[Data for processing]

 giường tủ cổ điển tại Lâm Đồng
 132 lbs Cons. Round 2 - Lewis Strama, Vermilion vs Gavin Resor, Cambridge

[/Data for processing]
[Data for processing]

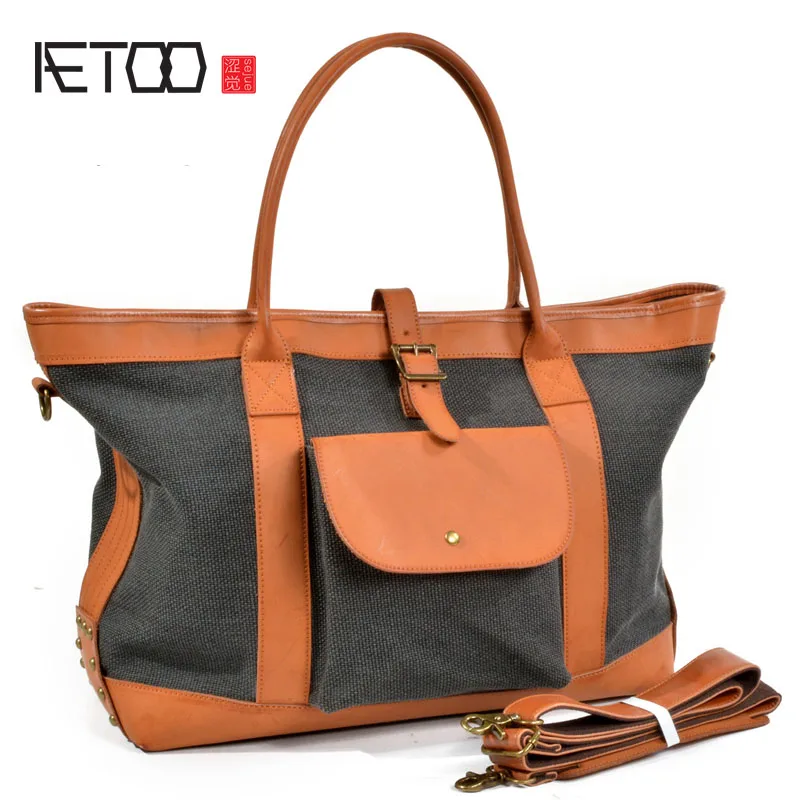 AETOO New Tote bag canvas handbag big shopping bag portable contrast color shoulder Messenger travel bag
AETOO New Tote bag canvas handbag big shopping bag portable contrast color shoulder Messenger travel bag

[/Data for processing]

(Work instruction): Retype exactly the lines of the data above that fall between the line with "giường tủ cổ điển tại Lâm Đồng" and the line with "132 lbs Cons.", inclusive, and add nothing.

(Exercise output):
 giường tủ cổ điển tại Lâm Đồng
 132 lbs Cons. Round 2 - Lewis Strama, Vermilion vs Gavin Resor, Cambridge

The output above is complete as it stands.